[What to work on]:
Copy each line, word for word, from the one with "Smiling woman in" through the final line of the listing, but skip the pictures.

[Data provided]:
=== Section Start ===

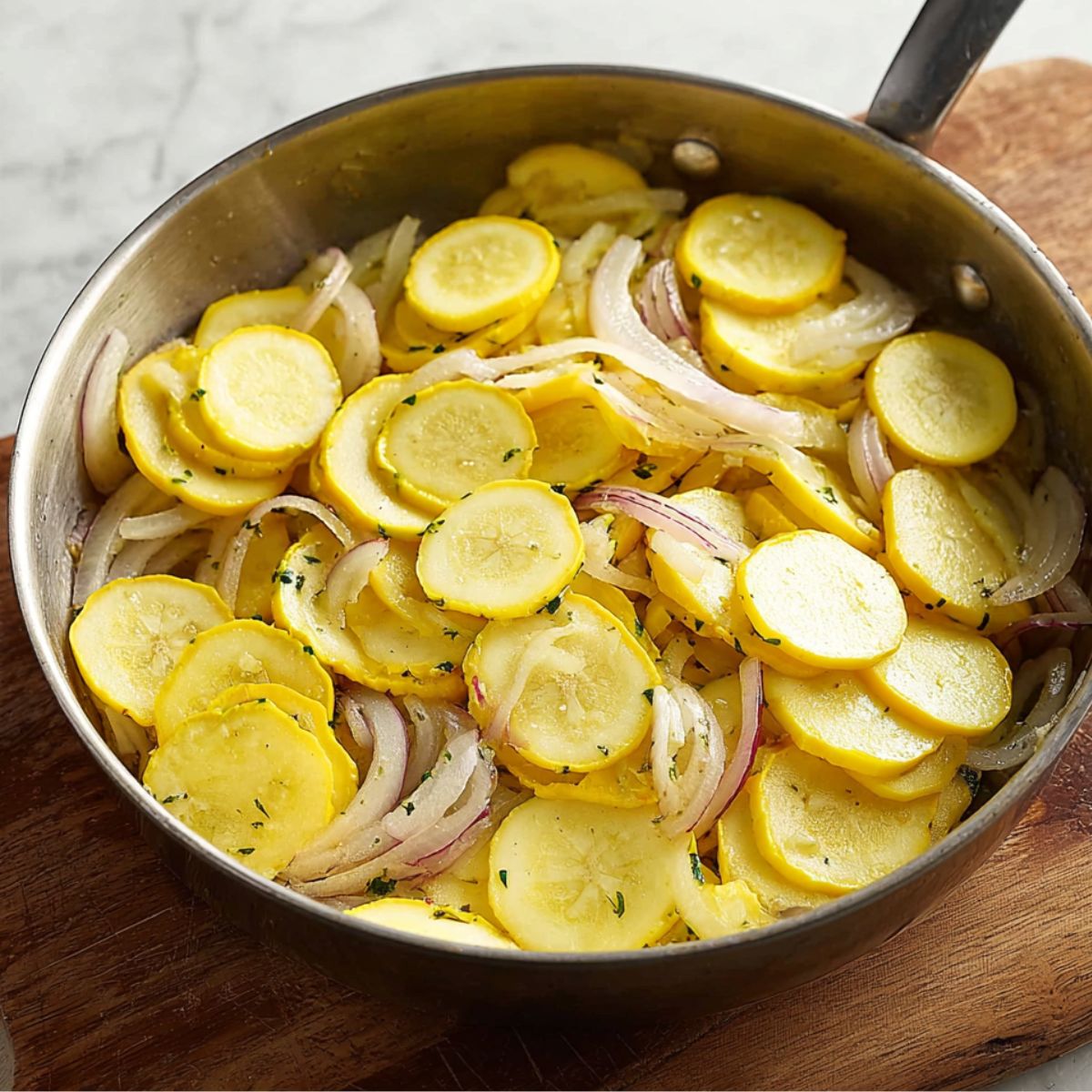 Best Squash Casserole Recipe 11 Sliced yellow squash added to the skillet with sautéed onions, creating a colorful and fresh layer of vegetables.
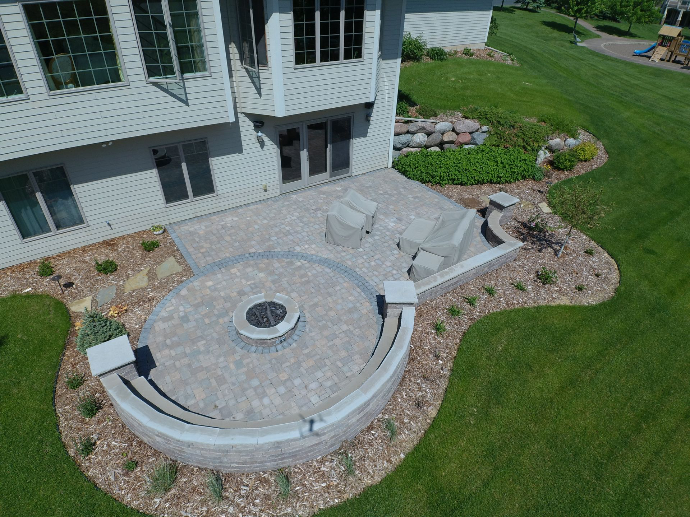 backyard patio featuring a custom built fire pit, seating area, and well-landscaped garden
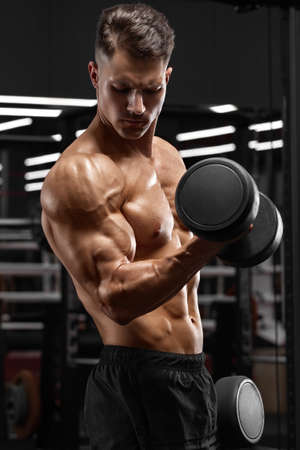 Muscular man working out in gym doing exercise for biceps, strong male bodybuilderの写真素材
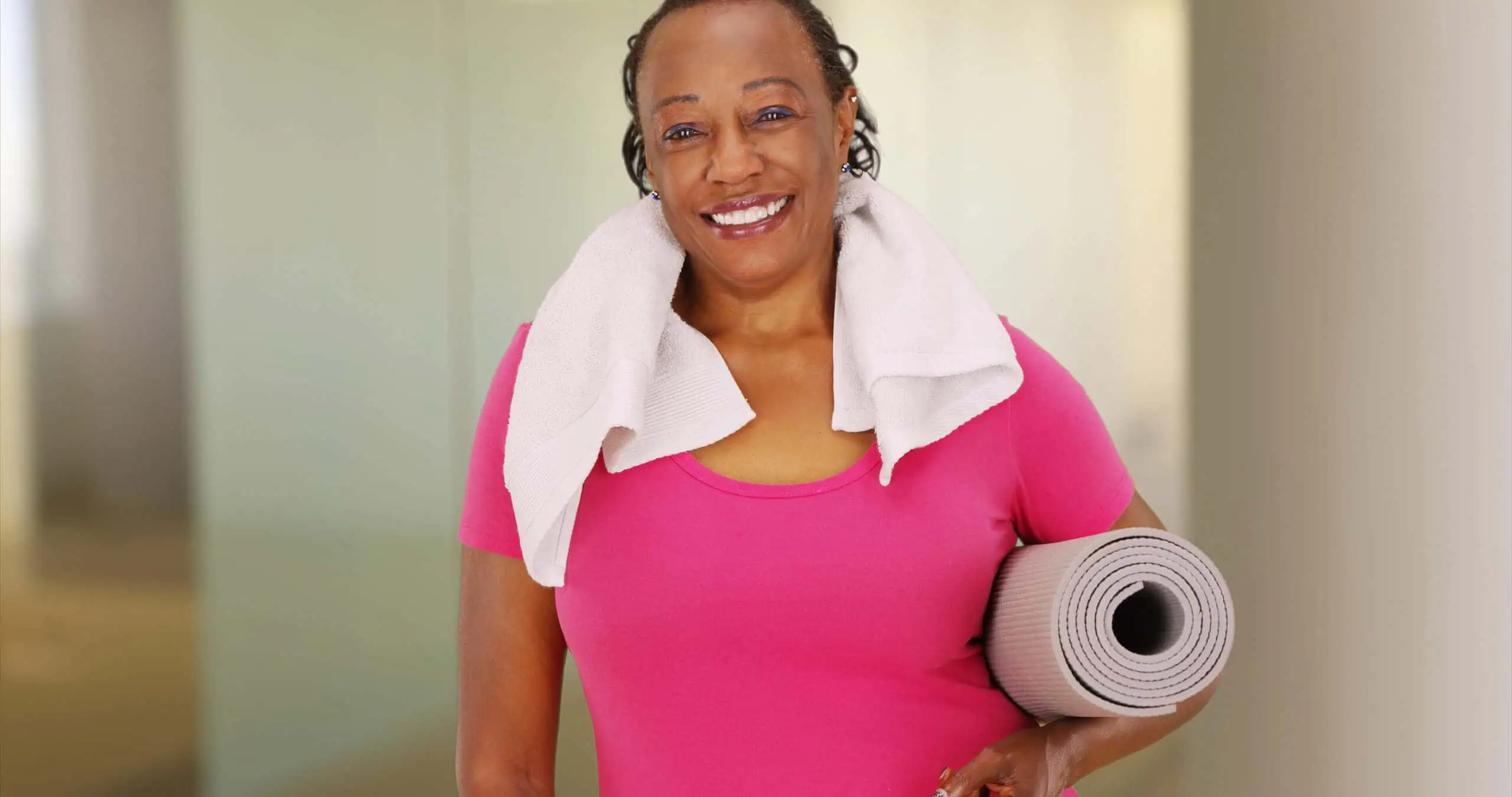 Smiling woman in a pink shirt holds a rolled-up yoga mat and has a towel draped over her shoulders, standing indoors.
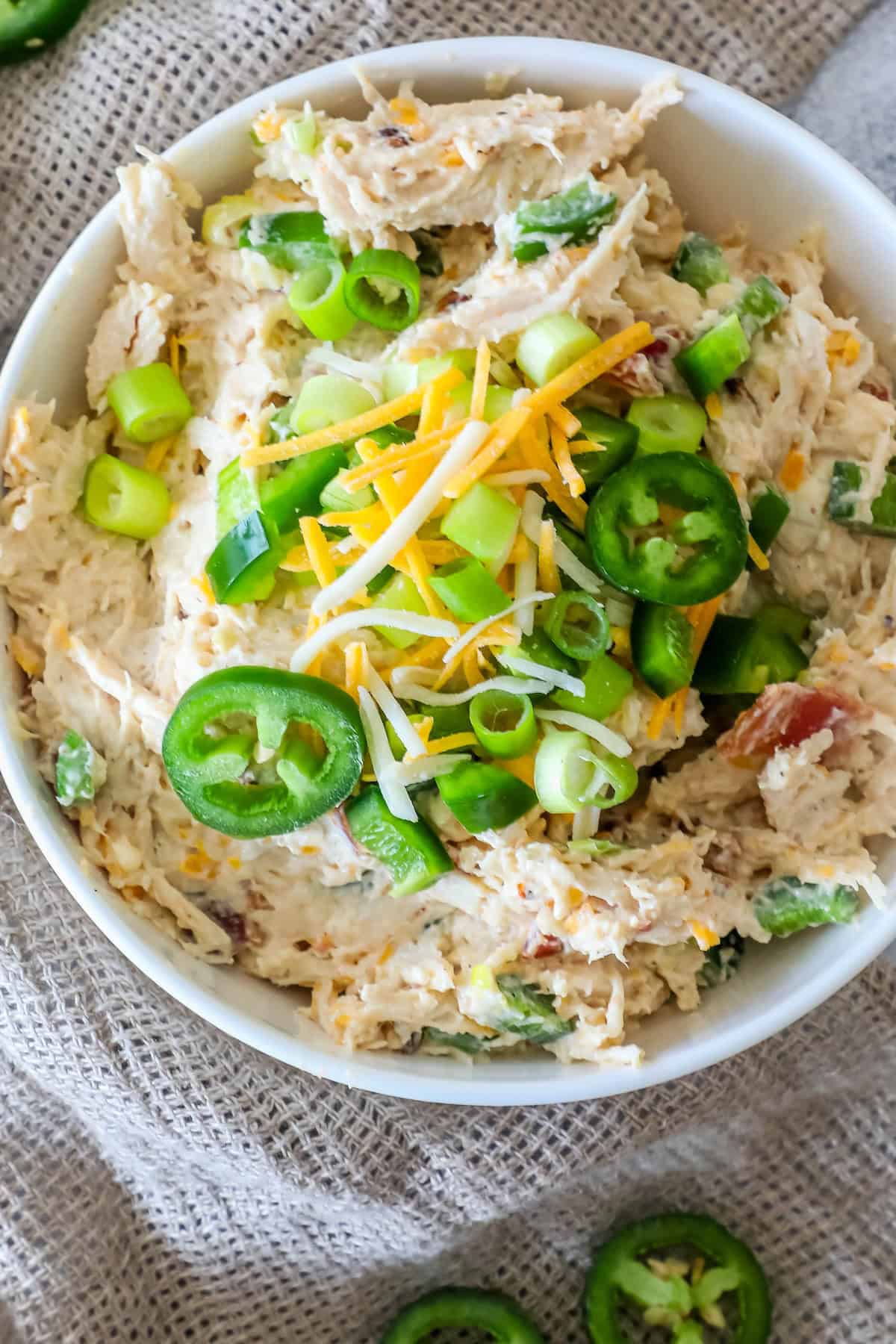 A bowl of chicken dip topped with sliced jalapeños, green onions, and shredded cheese, placed on a burlap surface.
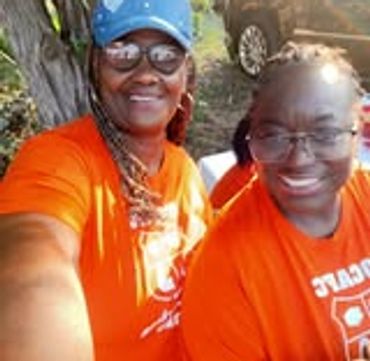 Two smiling women wearing matching orange shirts outdoors.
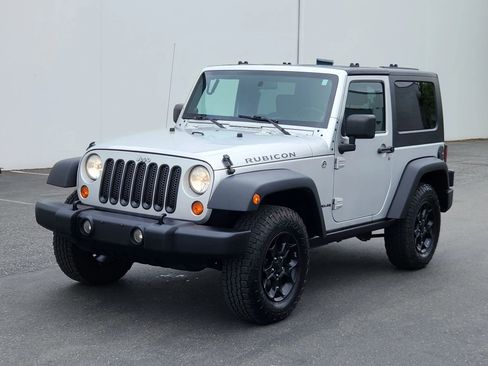 Used 2009 Jeep Wrangler Rubicon w/ Dual Top Group AWD/4WD image 1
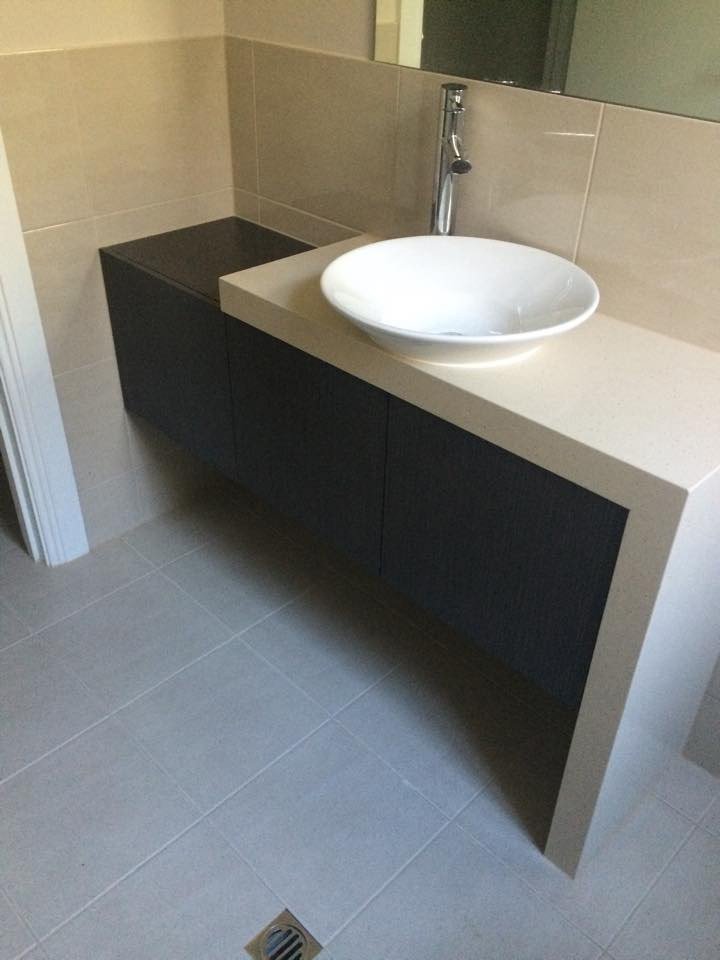 black bathroom counter with white waterfall benchtop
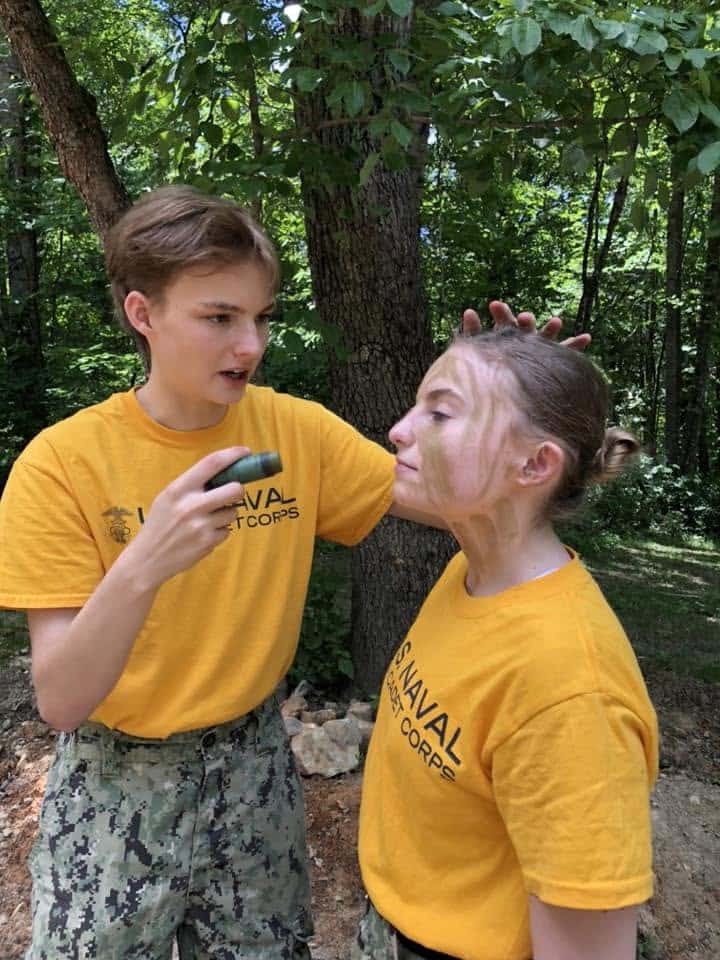 Two cadets applying camo face paint in the woods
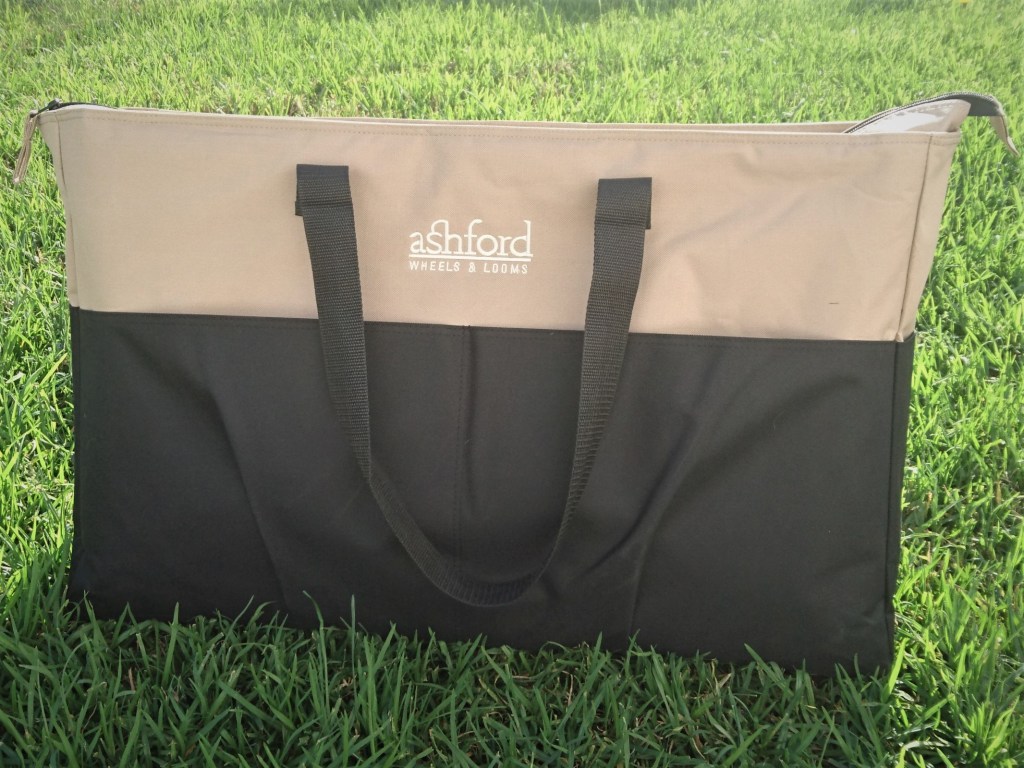 Large beige and black bag sitting on the grass, with a black carry strap and the words Ashford Wheels & Looms embroidered on in white.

=== Section End ===

[Answer area]:
 Smiling woman in a pink shirt holds a rolled-up yoga mat and has a towel draped over her shoulders, standing indoors.
 A bowl of chicken dip topped with sliced jalapeños, green onions, and shredded cheese, placed on a burlap surface.
 Two smiling women wearing matching orange shirts outdoors.
 Used 2009 Jeep Wrangler Rubicon w/ Dual Top Group AWD/4WD image 1
 black bathroom counter with white waterfall benchtop
 Two cadets applying camo face paint in the woods
 Large beige and black bag sitting on the grass, with a black carry strap and the words Ashford Wheels & Looms embroidered on in white.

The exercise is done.